Yield Curve Strategies - Reading 23 Q17

The problem states that the analyst expects a stable yield curve and proposes 3 strategies:

  1. Sell 3 year bond, use proceeds to buy 10 year bonds

  2. Sell 5 year bonds, use proceeds to buy 30 year MBS

  3. Sell 10 year bond, buy call option on 10 year bond future

The answer is Strategy #2. I understand that during a stable yield curve, we can Buy & Hold, Ride the Yield Curve, Carry Trade and Sell Convexity.

Strategy 1 is a carry trade and Strategy 2 is selling convexity, and Strategy 3 is buying convexity.

Is there a preference/ highest to lowest expected return from the 4 strategies during a stable yield curve? I’m guessing Buy & Hold would have the lowest expected return, but what about the other 3? How come we didn’t pick Strategy 1?

I would’ve answered 1 as being most profitable. Strategy 2 where you short 5 year bonds with equal duration to buy 30 year bonds will incur negative carry actually. This is because for one the term spread of 30 over 5 is not sufficient if you consider the fact that you have to short more 5 year bonds than you an go long 30 year bonds (duration adjusted yield is lower) and two the roll-down return on the 5 year bond is significantly higher if the curve is upward sloping (and usually flat beyond 20-25+). The MBS spread over a regular bond will most likely not be sufficient to cover this opportunity cost.

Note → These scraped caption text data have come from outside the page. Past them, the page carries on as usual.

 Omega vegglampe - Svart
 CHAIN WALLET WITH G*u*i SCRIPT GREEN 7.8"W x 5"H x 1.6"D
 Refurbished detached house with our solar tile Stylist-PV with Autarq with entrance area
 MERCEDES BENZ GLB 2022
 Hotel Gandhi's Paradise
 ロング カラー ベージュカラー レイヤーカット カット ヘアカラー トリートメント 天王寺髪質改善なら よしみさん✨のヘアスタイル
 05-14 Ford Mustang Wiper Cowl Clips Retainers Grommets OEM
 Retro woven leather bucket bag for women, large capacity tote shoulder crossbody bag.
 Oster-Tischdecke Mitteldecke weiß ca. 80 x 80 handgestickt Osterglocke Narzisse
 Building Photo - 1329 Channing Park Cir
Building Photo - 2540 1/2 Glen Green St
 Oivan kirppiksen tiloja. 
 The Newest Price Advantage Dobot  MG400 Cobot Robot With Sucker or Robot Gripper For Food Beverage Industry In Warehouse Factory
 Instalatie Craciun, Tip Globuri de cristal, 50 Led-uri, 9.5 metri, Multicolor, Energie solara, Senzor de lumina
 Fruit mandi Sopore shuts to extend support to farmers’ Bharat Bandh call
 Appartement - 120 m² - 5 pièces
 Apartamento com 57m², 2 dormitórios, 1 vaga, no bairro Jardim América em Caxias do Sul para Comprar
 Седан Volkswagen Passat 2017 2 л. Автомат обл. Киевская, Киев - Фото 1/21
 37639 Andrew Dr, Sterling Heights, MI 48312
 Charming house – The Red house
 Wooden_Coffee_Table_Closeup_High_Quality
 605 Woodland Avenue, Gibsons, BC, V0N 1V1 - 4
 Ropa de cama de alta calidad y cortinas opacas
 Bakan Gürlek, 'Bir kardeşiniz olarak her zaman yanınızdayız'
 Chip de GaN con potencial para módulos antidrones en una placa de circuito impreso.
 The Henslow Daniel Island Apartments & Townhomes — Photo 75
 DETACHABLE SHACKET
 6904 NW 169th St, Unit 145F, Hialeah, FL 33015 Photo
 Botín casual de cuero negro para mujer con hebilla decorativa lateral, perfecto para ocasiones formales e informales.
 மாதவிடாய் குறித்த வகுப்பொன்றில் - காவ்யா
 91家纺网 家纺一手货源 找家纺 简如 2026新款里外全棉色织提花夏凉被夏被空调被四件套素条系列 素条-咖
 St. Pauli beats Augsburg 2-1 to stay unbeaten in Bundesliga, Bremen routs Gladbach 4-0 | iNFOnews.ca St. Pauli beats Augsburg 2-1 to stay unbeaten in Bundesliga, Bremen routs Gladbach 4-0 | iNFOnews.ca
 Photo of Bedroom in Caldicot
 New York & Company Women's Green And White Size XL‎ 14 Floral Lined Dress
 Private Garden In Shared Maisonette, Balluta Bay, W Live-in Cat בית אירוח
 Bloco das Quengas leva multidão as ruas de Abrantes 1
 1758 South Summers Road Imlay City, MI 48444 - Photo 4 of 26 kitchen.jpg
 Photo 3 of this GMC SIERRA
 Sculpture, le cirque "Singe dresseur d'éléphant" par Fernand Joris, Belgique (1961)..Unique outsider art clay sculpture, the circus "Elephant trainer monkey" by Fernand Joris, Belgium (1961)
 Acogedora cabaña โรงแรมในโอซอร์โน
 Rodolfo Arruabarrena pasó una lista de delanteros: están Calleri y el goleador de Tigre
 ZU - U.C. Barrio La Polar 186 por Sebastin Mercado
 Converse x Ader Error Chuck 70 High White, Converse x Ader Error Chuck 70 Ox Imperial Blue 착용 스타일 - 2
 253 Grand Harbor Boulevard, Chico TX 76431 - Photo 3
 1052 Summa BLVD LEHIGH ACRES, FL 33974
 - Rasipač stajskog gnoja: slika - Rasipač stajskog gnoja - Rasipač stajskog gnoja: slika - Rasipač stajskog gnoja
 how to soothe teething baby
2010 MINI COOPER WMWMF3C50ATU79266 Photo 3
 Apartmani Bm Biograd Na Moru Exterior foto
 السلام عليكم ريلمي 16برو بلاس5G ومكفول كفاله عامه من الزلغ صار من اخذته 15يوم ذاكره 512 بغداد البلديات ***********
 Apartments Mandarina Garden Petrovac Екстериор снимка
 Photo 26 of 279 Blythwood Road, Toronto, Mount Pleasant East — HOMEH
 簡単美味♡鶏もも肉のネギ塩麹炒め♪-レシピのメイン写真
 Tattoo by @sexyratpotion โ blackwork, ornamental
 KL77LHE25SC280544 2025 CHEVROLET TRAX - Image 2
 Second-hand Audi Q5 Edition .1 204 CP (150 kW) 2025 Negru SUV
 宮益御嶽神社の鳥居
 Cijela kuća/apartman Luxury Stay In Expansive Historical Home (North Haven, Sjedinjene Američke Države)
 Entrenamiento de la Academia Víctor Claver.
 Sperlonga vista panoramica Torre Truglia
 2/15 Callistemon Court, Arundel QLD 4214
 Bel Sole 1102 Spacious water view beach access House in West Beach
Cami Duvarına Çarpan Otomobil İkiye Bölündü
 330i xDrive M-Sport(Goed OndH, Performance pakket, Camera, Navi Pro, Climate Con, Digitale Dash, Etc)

I actually figured it out. I left the most important piece of information out. I woke up at 5am to do this and obviously my brain wasn’t awake yet. At the beginning of this question, it states that there is a mandate that allows portfolio duration to fluctuate +/- 0.30 per year from benchmark. And before they list the strategies, they have a table showing the duration of each bond. Additionally, when they state Strategy 2, they specifically say MBS has effective duration of 4.75.

3 year bond has duration 2.92; 5 year bond has duration of 4.74, and 10 year bond has duration of 8.82.

So Strategy 1 would violate the mandate as as selling 3 year bonds and buying 10 year bonds clearly deviates the duration by more than +/- 0.30 whereas Strategy 2 you sell 5 year bond (4.74 duration) and buy 30 year MBS (4.75) leaving duration virtually unchanged.

i actually missed the whole ±0.30 duration deviation per year.

I just figured that Abram predicted a stable environment and that strategy 2 bought MBSs, which one would do in a stable environment, i.e. sell convexity.

I guess you can only eliminate strategy 1 by applying the constraint of a deviation tolerance for the portfolio’s duration?